Interview: "Good Taste" - HOMER

Your song is catchy bop about reflecting on a break-up and self-growth. What inspired you to write this song?

HOMER: The original idea for this song really wasn’t thinking much about a break-up at all but more so what you leave with. It was really about the music you share with someone you’re with and that you still listen to after it all. That eventually led to the idea of being hurt by a relationship but still thankful for it because you found a lot of great music together. Music and relationships will always be two things that define significant parts of your life and it’s cool how those things intertwine most of the time.

According to your Spotify biography, you are an artist/producer duo, how do you two work together to create great-sounding tracks?

HOMER: I think we’d like to say over the years we’ve written and produced music we’ve developed great practices and strategies, but really it’s different every single song. We’ve played music together since we were in middle school so a lot of the time we can tell what the other will do and write.

You are both from Texas, how has that influenced the way you create music together?

HOMER: Not sure if a specific "Texan" influence comes across in our songwriting... but we definitely have both been around Texas Country for a lot of our lives, and Zach even played in several country bands at different points. And growing up together in a small town definitely shaped who we are.

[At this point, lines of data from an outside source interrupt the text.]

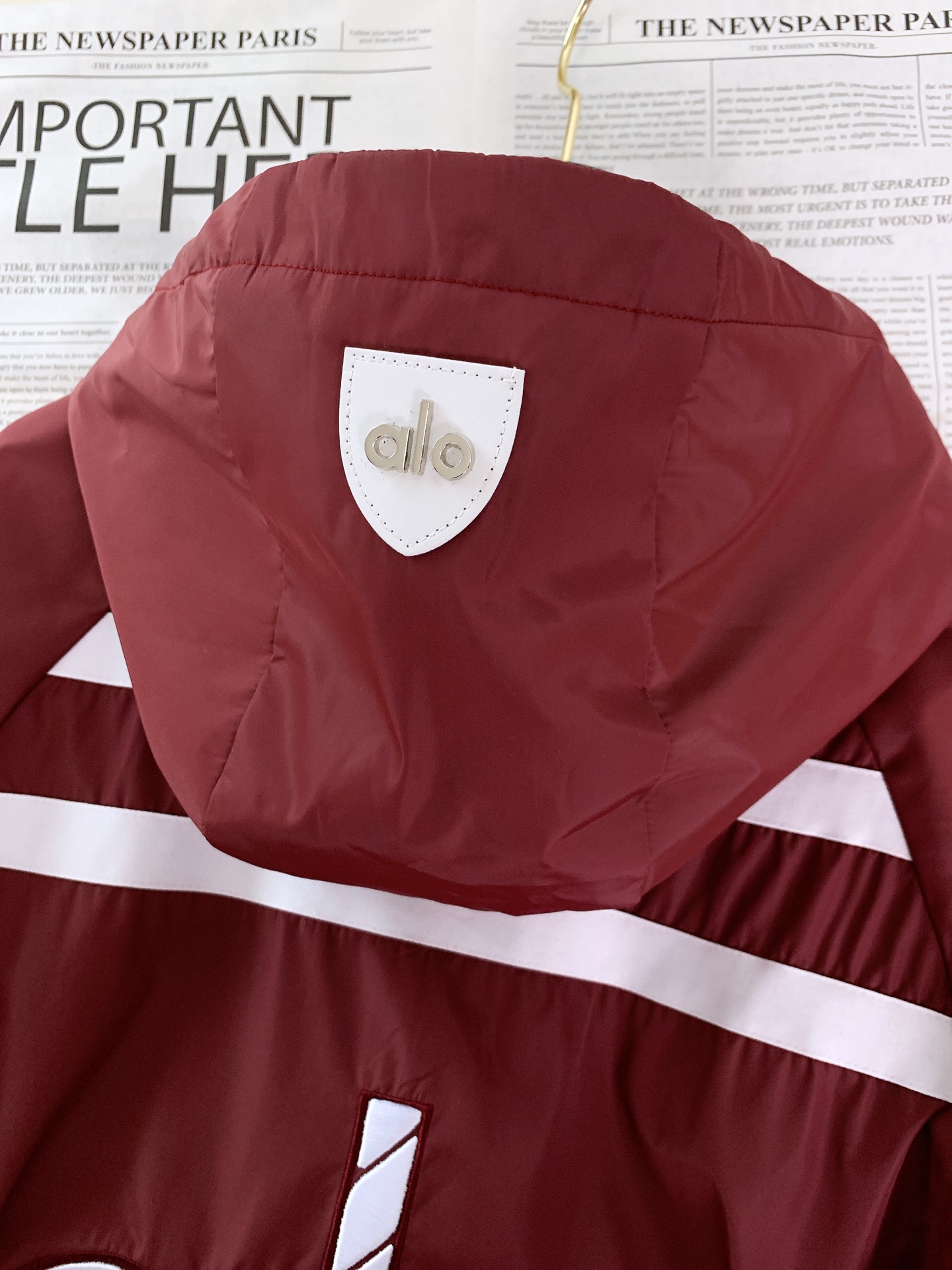 ALO 阿洛 2025FW早秋新品 连帽运动外套。它以轻量防风的面料打造利落廓形，连帽设计可随天气与造型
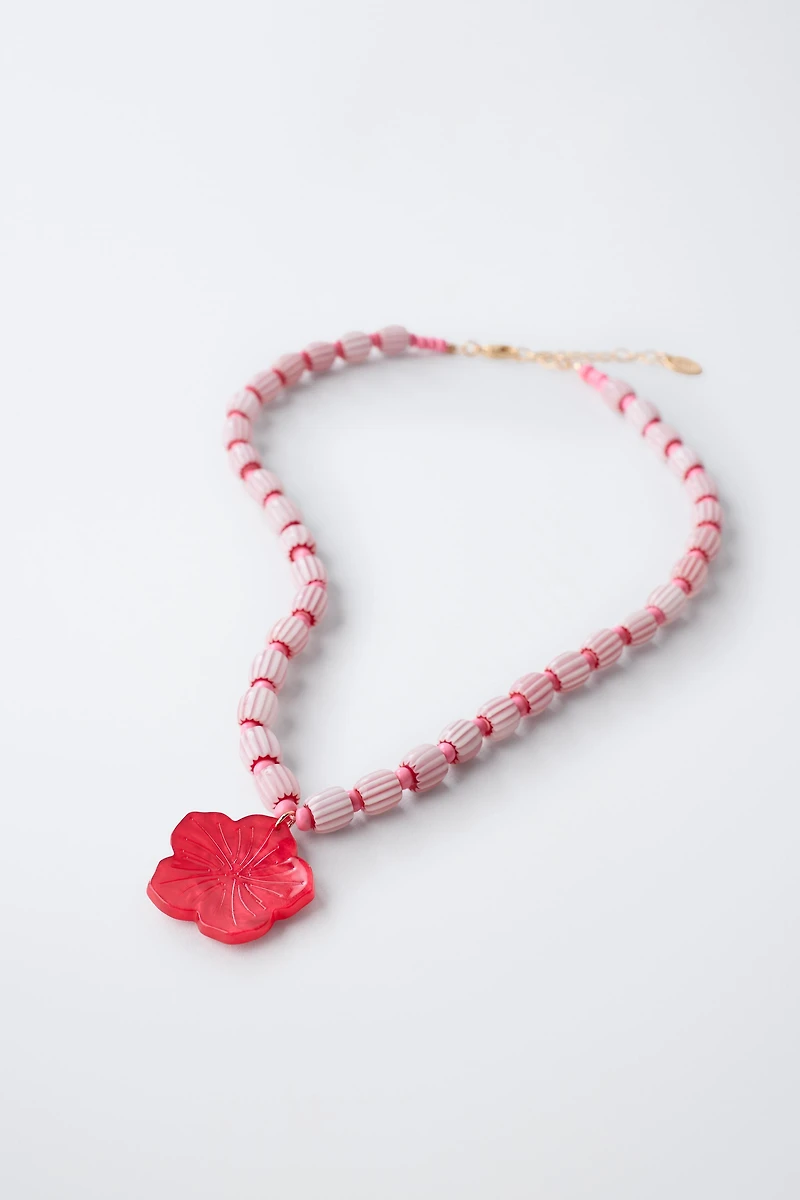 HIBISCUS BEADED NECKLACE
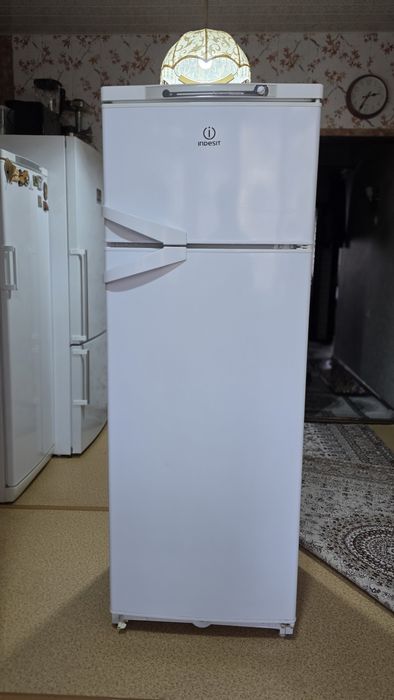 Продается Холодильник Indesit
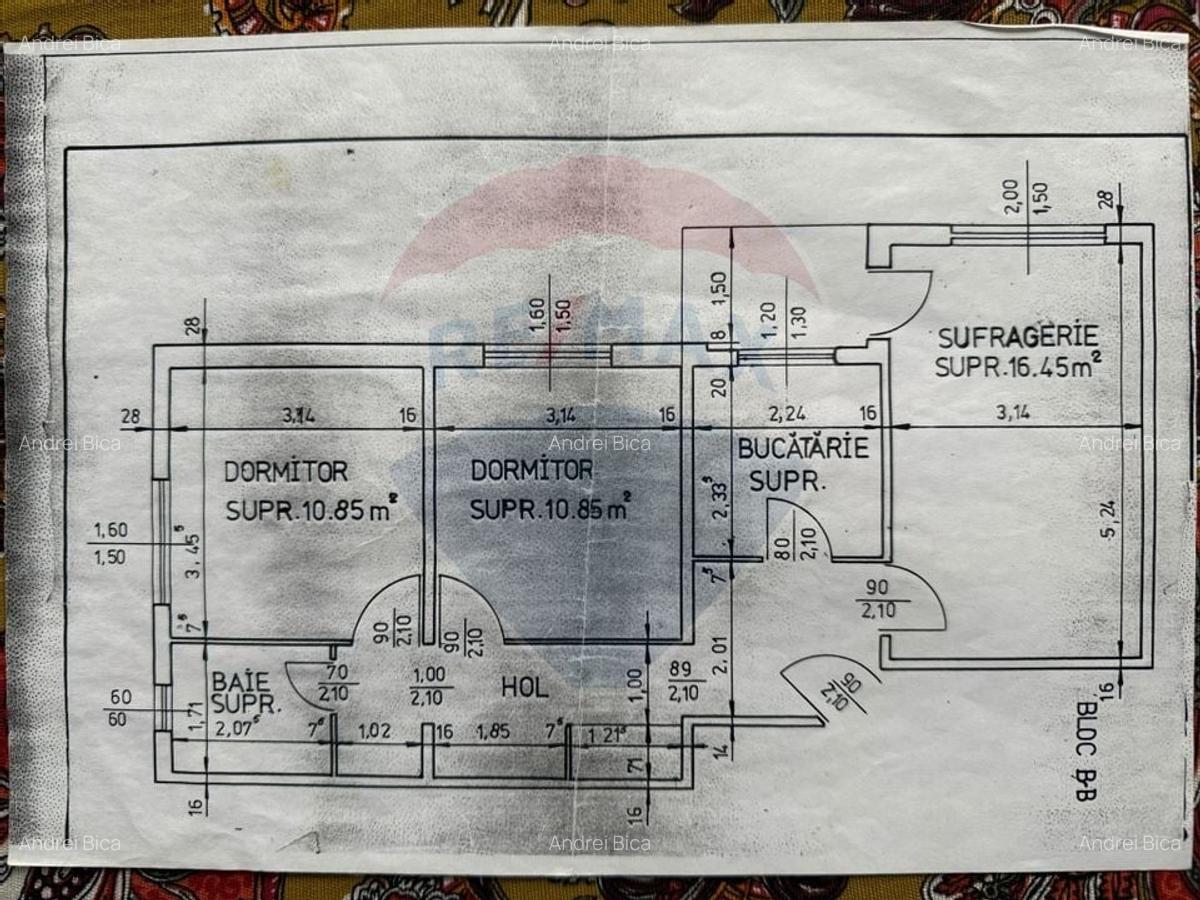 Apartament cu 3 camere decomandat în Pantelimon - 9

HOMER has tracks starting from 2018 to now, with your latest release being Won’t Let You Go. How do you feel you have progressed together as a band since then?

HOMER: We’re both extremely different but also the exact same people we were when we started. So much life has happened since our first release: marriage, pain, moving to different cities, jobs, etc. We’ve had so many experiences that all influence how we write and what we write. Music has progressed like life; we’ve matured a whole lot.

Every artist experiences writer's block. How do you personally combat that? Is there any advice you would like to give readers?

HOMER: There’s a lot of different strategies to this struggle. Setting things down and doing something else is often what’s needed. Practicing being able to recognize when an idea has run it’s course and you need to move on. Other times maybe keep it simple, finish the song, and if it’s lame, it’s lame. Move on to the next song. I can’t tell you how many times we’ve moved on from an idea, forgotten it, and come back a year later and rediscovered the idea and finished writing it.

What are the two of you hoping to accomplish together in the future? What are your short-term and long-term goals?

HOMER: Our goal is ultimately to keep writing and producing music for as long as we can. We love writing, producing, and having songs out in the world. In the short term, this year our goal is to put out a song a month, and long term, we'd love to keep putting music out for as long as we can, as our taste and style shifts through the years.